• **Task item**: An exact transcription is needed of the lines below from the one with "Eine französische Snackbar" through the one with "BORNEL MAISON FAMILIALE", with no other lines and no pictures.

• **Data excerpts**:
_____

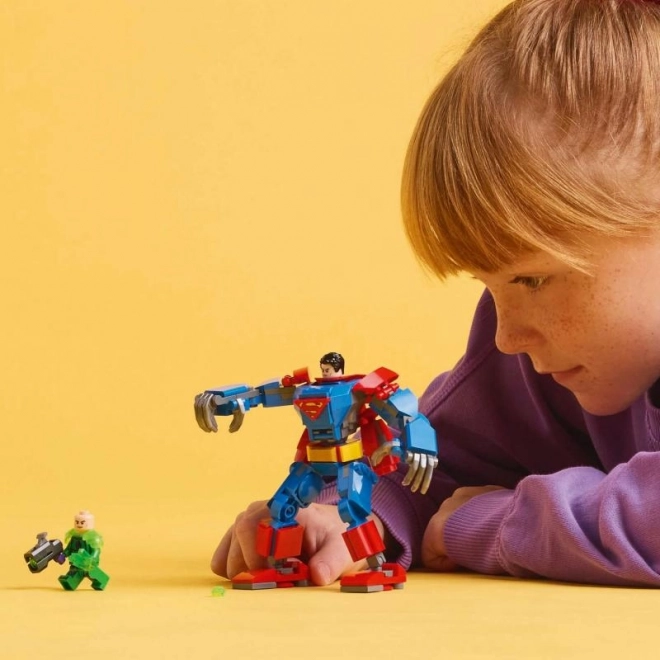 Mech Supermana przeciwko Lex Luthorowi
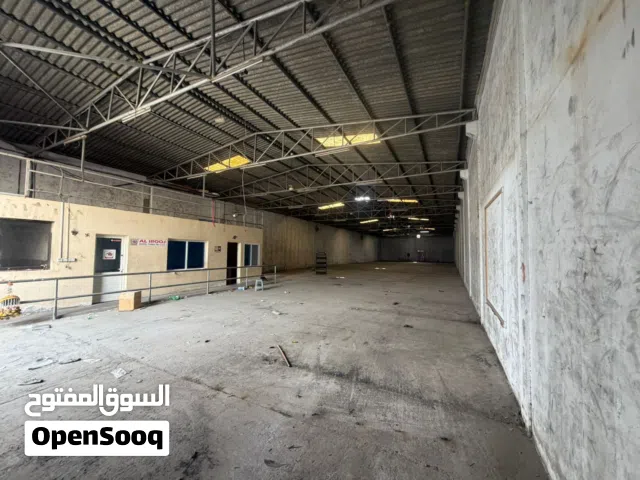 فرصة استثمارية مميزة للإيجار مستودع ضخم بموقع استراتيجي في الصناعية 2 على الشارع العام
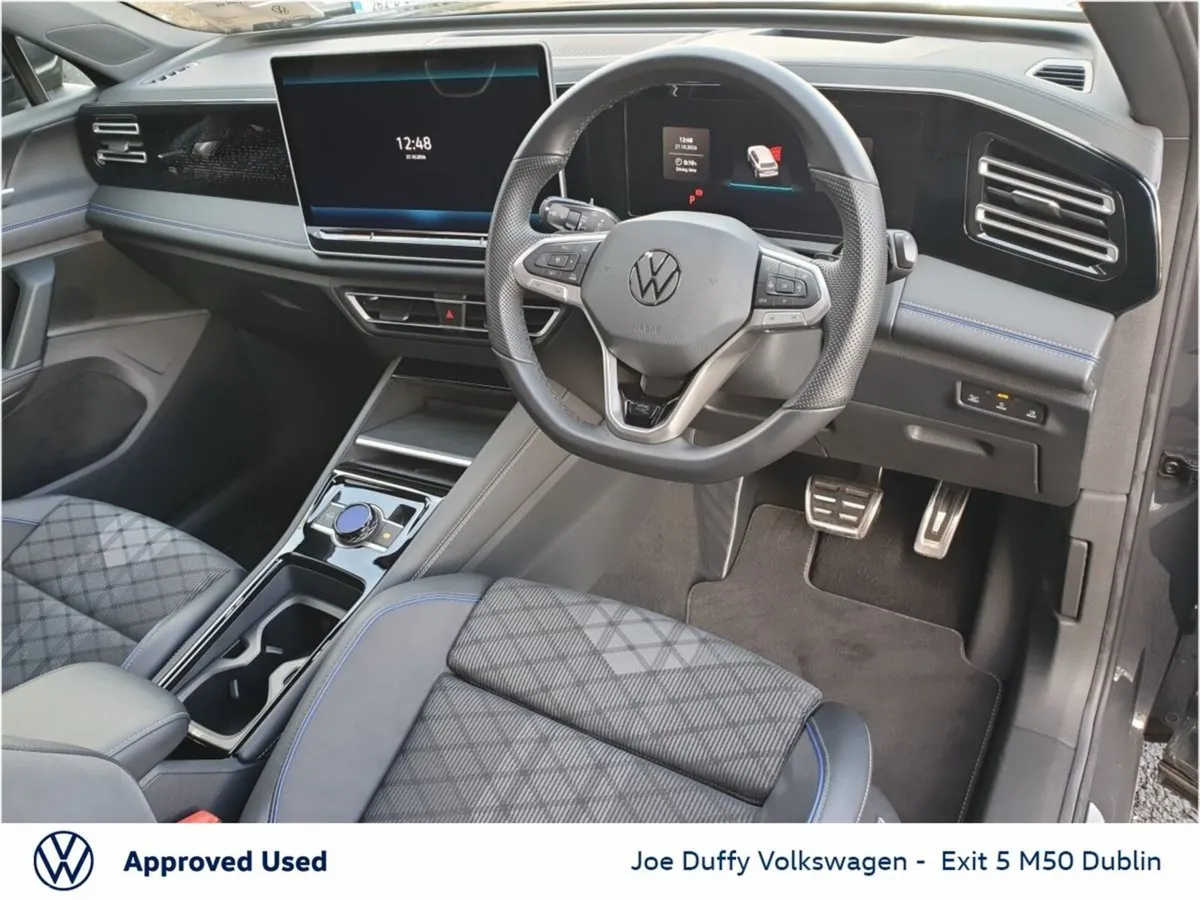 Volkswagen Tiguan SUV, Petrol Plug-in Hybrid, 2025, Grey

_____

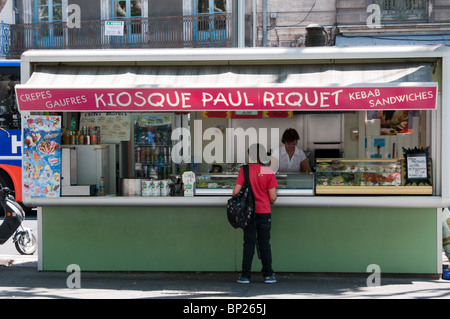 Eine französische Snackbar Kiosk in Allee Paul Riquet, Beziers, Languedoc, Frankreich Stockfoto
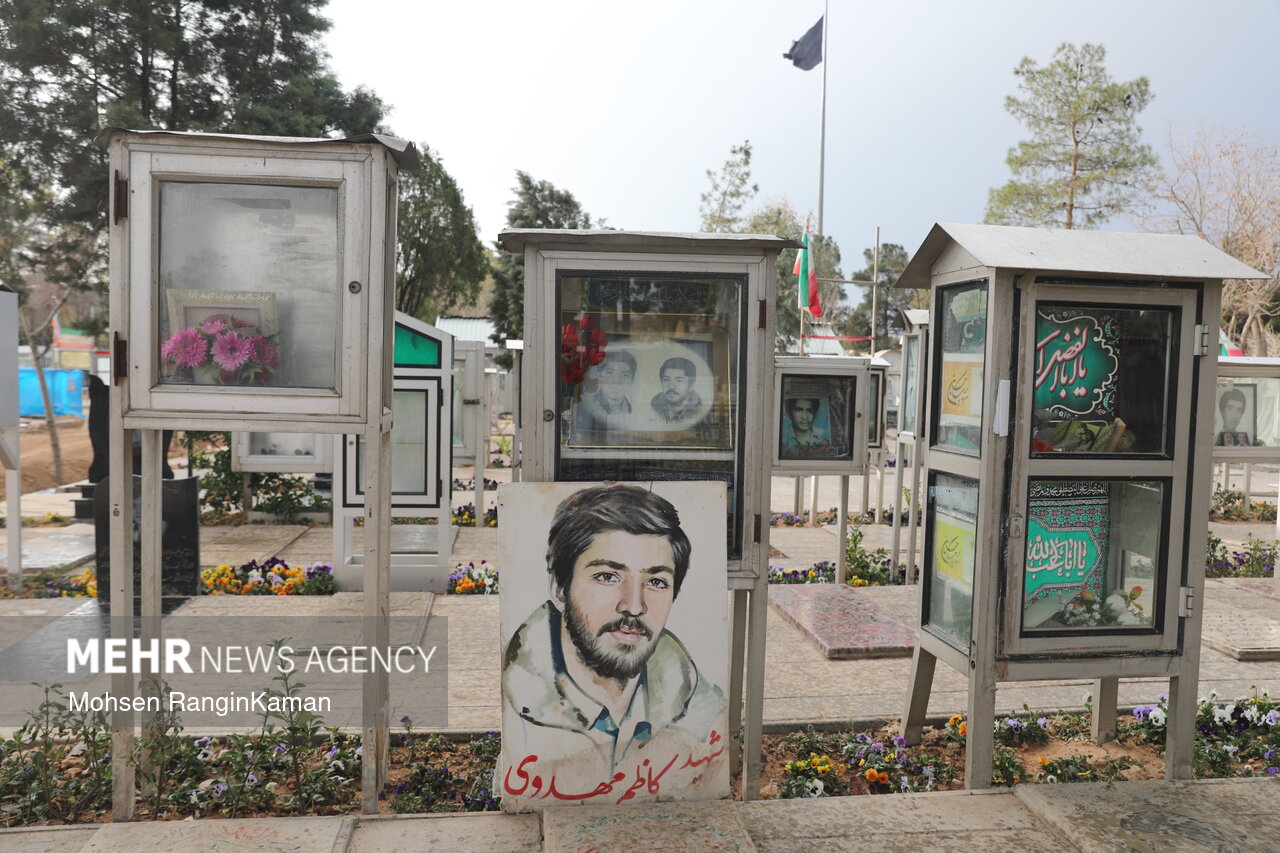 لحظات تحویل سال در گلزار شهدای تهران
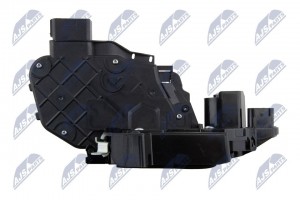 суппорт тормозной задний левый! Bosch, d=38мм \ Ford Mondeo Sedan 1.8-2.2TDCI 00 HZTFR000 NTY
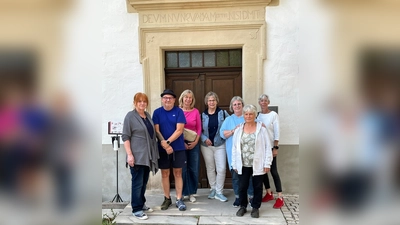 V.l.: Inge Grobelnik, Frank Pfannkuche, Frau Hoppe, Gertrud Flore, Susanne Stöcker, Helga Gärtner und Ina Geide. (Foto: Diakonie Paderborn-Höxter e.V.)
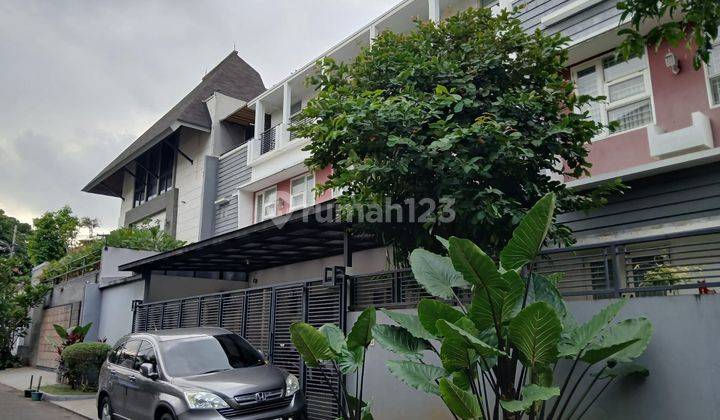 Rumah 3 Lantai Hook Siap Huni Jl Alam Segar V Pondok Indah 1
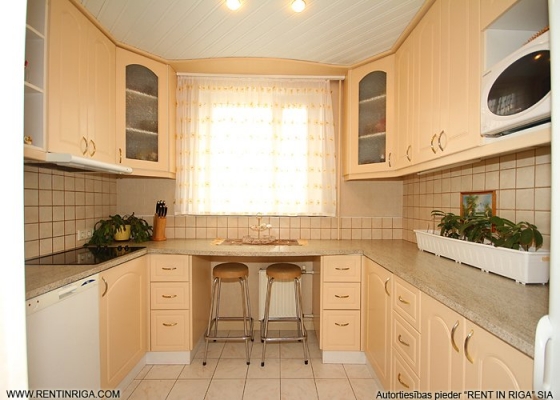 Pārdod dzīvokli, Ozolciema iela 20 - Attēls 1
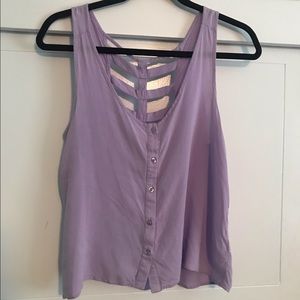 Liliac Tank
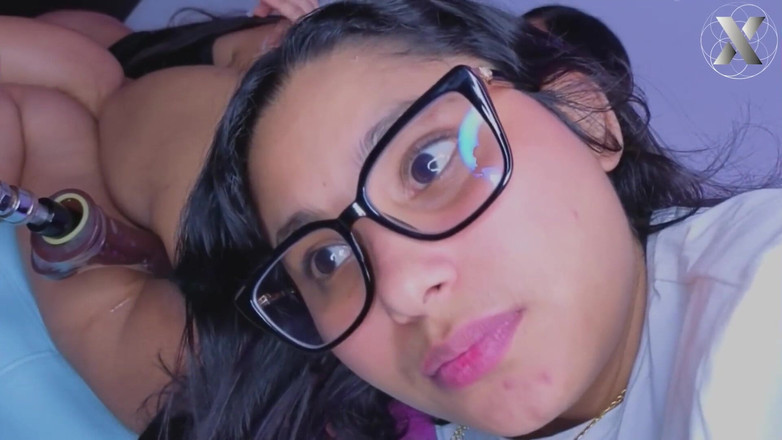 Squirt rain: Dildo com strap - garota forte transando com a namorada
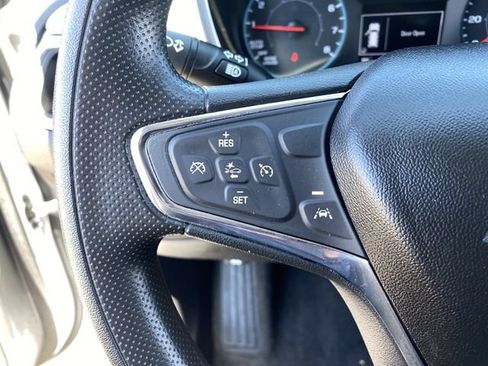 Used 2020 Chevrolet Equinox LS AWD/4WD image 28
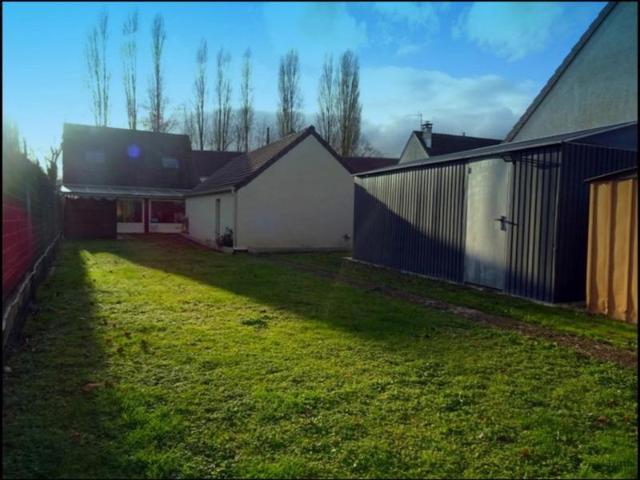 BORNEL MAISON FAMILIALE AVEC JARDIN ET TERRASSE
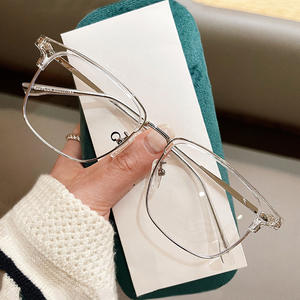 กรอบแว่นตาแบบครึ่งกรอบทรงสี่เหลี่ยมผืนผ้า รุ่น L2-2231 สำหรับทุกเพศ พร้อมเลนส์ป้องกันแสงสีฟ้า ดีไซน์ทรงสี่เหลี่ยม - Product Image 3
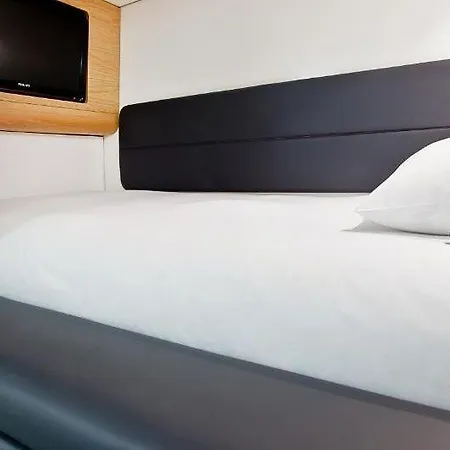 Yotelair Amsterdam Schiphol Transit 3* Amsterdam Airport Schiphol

_____

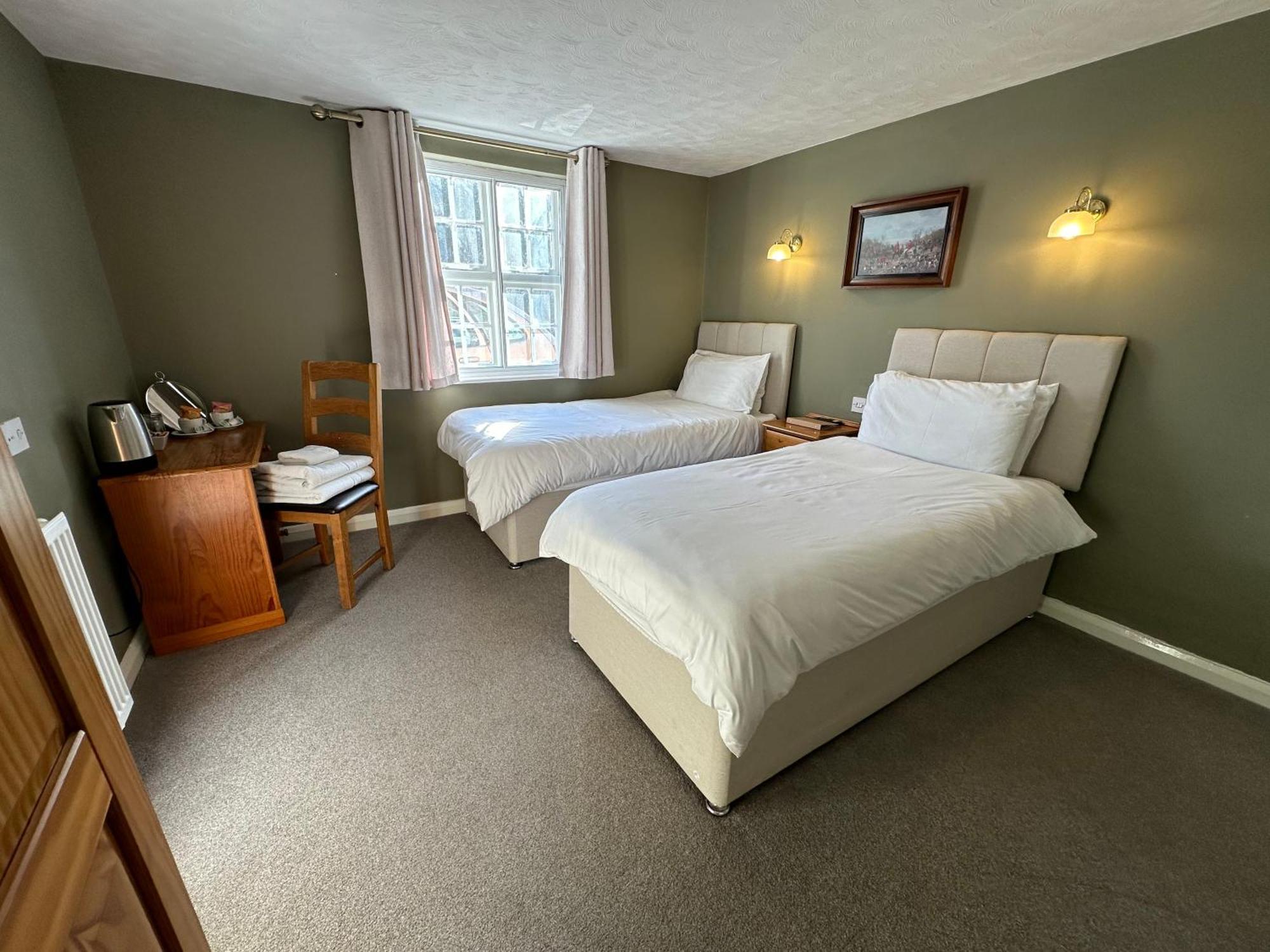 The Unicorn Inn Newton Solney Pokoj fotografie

_____

• **Answer box**:
 Eine französische Snackbar Kiosk in Allee Paul Riquet, Beziers, Languedoc, Frankreich Stockfoto
 لحظات تحویل سال در گلزار شهدای تهران
 суппорт тормозной задний левый! Bosch, d=38мм \ Ford Mondeo Sedan 1.8-2.2TDCI 00 HZTFR000 NTY
 V.l.: Inge Grobelnik, Frank Pfannkuche, Frau Hoppe, Gertrud Flore, Susanne Stöcker, Helga Gärtner und Ina Geide. (Foto: Diakonie Paderborn-Höxter e.V.)
 Rumah 3 Lantai Hook Siap Huni Jl Alam Segar V Pondok Indah 1
 Pārdod dzīvokli, Ozolciema iela 20 - Attēls 1
 Liliac Tank
 Squirt rain: Dildo com strap - garota forte transando com a namorada
 Used 2020 Chevrolet Equinox LS AWD/4WD image 28
 BORNEL MAISON FAMILIALE AVEC JARDIN ET TERRASSE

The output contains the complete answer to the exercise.